Excelsior en Vitesse geven elkaar niks toe
Excelsior-Vitesse werd een wedstrijd om de vingers bij af te likken. Er was spanning, en vooral heel veel doelpunten. De beide degradatiekandidaten finishten uiteindelijk op 4-4, en dat was vooral te danken aan Matthew Amoah, die drie keer scoorde.

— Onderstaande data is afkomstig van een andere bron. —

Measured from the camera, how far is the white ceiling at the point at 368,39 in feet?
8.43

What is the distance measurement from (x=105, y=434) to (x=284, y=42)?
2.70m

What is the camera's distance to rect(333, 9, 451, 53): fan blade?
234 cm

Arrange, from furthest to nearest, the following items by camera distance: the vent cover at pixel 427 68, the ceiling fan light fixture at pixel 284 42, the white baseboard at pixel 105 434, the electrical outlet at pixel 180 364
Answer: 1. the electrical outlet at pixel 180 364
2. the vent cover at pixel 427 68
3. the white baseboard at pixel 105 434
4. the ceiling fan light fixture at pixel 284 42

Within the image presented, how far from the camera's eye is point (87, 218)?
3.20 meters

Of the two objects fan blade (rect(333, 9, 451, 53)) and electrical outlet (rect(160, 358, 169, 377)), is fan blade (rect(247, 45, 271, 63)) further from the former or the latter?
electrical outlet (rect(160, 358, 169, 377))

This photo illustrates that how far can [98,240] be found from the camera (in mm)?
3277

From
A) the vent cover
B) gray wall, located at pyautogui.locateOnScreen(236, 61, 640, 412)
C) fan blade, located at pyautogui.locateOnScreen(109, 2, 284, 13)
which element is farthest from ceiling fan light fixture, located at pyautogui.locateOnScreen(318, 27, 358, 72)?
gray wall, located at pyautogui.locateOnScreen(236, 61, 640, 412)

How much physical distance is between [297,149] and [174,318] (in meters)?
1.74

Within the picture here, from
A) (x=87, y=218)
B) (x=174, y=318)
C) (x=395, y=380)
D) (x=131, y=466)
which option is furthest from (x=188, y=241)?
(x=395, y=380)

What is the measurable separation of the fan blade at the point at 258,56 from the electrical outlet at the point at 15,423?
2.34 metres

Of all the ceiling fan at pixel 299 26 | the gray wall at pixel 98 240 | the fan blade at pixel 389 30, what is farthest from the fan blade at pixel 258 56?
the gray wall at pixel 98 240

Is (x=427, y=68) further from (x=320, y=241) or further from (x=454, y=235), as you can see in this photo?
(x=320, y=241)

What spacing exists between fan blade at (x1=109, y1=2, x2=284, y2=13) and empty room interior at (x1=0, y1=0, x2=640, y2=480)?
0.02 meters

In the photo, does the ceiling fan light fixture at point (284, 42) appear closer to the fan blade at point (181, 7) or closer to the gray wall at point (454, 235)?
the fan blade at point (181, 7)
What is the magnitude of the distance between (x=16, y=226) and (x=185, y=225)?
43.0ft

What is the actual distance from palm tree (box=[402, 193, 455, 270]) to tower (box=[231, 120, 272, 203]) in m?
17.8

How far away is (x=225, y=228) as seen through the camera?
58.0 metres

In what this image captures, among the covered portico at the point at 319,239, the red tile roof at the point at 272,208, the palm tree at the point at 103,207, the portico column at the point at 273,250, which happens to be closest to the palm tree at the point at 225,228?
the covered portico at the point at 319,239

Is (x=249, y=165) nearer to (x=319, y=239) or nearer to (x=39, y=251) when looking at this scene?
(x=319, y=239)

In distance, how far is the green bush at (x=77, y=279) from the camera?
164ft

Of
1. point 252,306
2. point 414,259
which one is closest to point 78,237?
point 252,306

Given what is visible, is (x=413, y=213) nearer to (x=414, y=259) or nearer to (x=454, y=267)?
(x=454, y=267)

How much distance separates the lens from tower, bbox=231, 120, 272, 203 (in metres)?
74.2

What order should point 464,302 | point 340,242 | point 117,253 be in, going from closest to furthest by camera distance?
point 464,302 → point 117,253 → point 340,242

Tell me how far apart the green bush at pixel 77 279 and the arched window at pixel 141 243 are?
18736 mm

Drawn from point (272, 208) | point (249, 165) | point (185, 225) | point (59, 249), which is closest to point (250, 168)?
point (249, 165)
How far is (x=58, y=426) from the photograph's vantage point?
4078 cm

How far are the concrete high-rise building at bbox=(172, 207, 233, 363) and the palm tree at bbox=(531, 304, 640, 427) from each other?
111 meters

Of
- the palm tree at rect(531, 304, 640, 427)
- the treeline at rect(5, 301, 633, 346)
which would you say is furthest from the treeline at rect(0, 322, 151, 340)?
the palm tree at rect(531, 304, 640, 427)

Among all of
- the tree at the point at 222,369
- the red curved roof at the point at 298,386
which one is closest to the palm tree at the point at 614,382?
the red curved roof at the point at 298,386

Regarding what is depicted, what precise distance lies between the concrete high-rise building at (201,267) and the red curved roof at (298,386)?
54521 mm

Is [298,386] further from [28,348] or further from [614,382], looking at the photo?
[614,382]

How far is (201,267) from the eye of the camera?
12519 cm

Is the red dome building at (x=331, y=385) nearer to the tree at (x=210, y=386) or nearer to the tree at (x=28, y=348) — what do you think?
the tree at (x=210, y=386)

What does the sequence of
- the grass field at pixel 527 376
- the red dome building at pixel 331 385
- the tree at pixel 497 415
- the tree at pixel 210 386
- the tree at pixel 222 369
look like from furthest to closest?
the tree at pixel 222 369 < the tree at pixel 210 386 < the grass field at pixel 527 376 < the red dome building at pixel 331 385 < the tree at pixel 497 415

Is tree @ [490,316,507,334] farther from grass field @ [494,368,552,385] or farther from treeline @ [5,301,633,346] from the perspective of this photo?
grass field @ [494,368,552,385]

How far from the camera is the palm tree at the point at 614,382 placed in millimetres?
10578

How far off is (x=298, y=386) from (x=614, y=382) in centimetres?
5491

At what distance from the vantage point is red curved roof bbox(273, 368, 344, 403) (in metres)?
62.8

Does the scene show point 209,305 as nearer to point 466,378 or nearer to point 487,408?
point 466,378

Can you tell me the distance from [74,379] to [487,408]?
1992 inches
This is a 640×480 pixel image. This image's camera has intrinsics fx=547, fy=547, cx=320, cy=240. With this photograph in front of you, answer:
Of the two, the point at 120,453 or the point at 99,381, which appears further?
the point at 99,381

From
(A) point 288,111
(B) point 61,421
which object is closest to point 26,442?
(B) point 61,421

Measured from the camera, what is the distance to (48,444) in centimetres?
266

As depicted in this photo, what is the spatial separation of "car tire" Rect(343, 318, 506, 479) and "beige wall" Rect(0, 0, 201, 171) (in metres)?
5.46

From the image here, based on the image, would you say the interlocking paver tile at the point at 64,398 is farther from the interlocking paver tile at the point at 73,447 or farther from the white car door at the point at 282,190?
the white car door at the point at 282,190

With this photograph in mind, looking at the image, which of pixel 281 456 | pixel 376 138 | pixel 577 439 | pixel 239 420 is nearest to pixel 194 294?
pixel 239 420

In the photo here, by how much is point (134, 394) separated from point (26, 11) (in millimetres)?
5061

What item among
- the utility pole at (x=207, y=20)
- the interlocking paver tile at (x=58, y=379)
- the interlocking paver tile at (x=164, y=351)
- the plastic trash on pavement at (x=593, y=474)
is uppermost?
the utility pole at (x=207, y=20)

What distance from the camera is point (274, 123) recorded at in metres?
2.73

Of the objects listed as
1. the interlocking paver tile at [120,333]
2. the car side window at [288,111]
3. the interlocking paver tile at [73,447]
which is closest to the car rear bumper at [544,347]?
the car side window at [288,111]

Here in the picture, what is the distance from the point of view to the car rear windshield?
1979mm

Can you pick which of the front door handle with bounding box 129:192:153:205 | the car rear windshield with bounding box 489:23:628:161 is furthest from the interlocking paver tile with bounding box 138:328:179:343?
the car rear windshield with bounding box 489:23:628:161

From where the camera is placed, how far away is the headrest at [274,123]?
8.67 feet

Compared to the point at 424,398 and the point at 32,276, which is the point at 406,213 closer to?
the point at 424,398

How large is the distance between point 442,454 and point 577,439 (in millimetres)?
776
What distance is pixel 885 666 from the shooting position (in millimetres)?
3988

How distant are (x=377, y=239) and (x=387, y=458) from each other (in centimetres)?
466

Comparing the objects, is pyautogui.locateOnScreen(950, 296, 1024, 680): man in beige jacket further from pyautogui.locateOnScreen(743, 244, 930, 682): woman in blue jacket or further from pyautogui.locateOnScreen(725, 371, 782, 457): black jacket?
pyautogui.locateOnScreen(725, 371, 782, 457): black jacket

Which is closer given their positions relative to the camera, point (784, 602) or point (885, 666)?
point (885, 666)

Vitesse leek na het vertrek van trainer Mike Snoei de weg naar boven te hebben ingeslagen. Onder diens opvolger Edward Sturing werd het voetbal al zienderogen beter, waarna vervolgens ook de punten kwamen. De laatste weken zit de sleet er bij de Arnhemmers echter toch weer op. En op één wedstrijd voor het einde is de ploeg nog altijd niet veilig.
Excelsior vergaat het niet veel beter. De ploeg kende een redelijke competitiestart, maar de terugronde was evenredig slecht. Zondag, op eigen veld tegen Vitesse, deed de ploeg zichzelf opnieuw tekort. De Kralingers voetbalden ruim een uur lang tegen tien tegenstanders, doordat Vitesse-keeper Jevric door scheidsrechter Jol wegens natrappen uit het veld werd gestuurd.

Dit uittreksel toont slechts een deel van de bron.